Para ambos, a importação de gás argentino é positiva para o Brasil. Na avaliação de Sylvie, a opção do gás argentino é importante para ampliar o portfólio, uma vez que existem vários tipos de gás com finalidades diferentes, e fomenta a concorrência:
“O mercado de gás está se abrindo e cada consumidor pode escolher onde comprar o seu gás, seja ele nacional ou internacional”, diz ela referindo-se aos clientes institucionais, como fábricas e usinas.
Cavanha corrobora a visão de Sylvie: “A Argentina está com um volume importante de produção de gás e o Brasil quer crescer na indústria.

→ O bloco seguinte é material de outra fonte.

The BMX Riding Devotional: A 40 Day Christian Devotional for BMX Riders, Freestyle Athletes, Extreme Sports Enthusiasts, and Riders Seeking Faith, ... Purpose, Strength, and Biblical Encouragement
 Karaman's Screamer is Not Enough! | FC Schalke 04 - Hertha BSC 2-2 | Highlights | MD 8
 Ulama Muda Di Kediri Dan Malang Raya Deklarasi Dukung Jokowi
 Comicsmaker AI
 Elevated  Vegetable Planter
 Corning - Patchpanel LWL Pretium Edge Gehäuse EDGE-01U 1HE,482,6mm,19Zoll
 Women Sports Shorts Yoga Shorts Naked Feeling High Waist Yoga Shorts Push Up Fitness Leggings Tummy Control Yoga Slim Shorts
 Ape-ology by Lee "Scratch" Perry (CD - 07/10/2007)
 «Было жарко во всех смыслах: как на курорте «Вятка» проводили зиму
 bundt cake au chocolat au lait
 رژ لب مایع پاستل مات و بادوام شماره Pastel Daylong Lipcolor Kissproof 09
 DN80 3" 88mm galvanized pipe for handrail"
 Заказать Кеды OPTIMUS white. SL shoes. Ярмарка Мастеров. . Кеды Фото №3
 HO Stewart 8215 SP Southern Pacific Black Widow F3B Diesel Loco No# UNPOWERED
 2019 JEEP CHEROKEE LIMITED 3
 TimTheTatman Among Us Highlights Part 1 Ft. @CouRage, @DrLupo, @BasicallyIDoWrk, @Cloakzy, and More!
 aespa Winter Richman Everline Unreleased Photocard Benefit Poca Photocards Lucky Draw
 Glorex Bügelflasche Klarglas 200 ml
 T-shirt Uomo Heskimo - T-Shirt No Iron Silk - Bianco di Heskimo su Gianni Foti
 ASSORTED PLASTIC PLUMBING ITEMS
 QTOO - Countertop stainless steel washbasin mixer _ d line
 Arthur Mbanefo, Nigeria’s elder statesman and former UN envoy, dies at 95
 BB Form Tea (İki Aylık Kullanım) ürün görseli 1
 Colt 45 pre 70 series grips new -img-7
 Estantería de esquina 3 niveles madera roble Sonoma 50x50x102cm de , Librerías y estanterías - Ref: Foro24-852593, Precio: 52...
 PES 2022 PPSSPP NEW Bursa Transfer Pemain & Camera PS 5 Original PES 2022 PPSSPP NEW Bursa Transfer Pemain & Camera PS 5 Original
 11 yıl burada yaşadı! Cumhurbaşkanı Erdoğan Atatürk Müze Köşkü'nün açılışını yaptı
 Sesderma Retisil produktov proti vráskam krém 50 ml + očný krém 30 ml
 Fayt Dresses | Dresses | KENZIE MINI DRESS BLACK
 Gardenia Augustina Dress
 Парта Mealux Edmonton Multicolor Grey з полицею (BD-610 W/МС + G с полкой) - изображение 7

Para isso, precisa de gás porque ele é relevante no setor petroquímico, responsável pela fabricação de mais de 6 mil produtos, de iPhones a pneus”.
Governo vai realizar 1.º Leilão do Gás Natural da União em 2025
Apesar de o Brasil não ser um grande produtor de gás e fechar acordo para importação da Argentina, o governo federal quer investir na expansão deste mercado. No início de dezembro, o Ministério de Minas e Energia (MME) anunciou que vai realizar até o fim de 2025 o 1.º Leilão do Gás Natural da União.
A estimativa do governo é dispor até 1,3 milhão m³ de gás natural para ofertar ao mercado até 2027. Esse volume não considera o fator de rendimento das UPGNs (instalações industriais que realizam o refino do gás natural), o que significa que parcela desse gás será transformada em GLP e líquidos.
O Plano Decenal de Energia 2032, da Empresa de Pesquisa Energética (EPE, vinculada ao MME), indica que a produção líquida de gás natural, que em 2022 foi de 51 milhões de m³/dia, poderá alcançar a marca de 134 milhões de m³/dia em 2032. Espera-se que a maior produção venha na esteira dos investimentos esperados para os próximos anos.
Existe uma certa dicotomia do país em fechar um acordo relevante de importação ao mesmo tempo em que investe na expansão do mercado nacional de gás. Embora as estimativas precisem de tempo para se tornarem realidade, o setor, em geral, enxerga que falta uma boa política energética no país.
Para Adriano Pires, sócio-diretor do Centro Brasileira do Infraestrutura (CBIE), apesar de várias iniciativas, o Brasil não consegue emplacar políticas efetivas que aumentem a oferta e a redução no preço da molécula.
“Tivemos duas leis aprovadas pelo Congresso, nos governos Dilma e Bolsonaro, com a promessa em ambos de redução do preço do gás e aumento da oferta, e o resultado foi exatamente ao contrário. E, mais ainda, tivemos redução na demanda”, disse ele em artigo publicado no “Estadão”.
Entre as medidas para fluir o mercado de gás no país, Pires defende redução do poder da Petrobras nesse mercado, assim como total transparência da estatal aos valores cobrados para escoar e tratar o gás nas refinarias, além de incentivo com licenças para exploração e produção de “shale gas” (gás de xisto).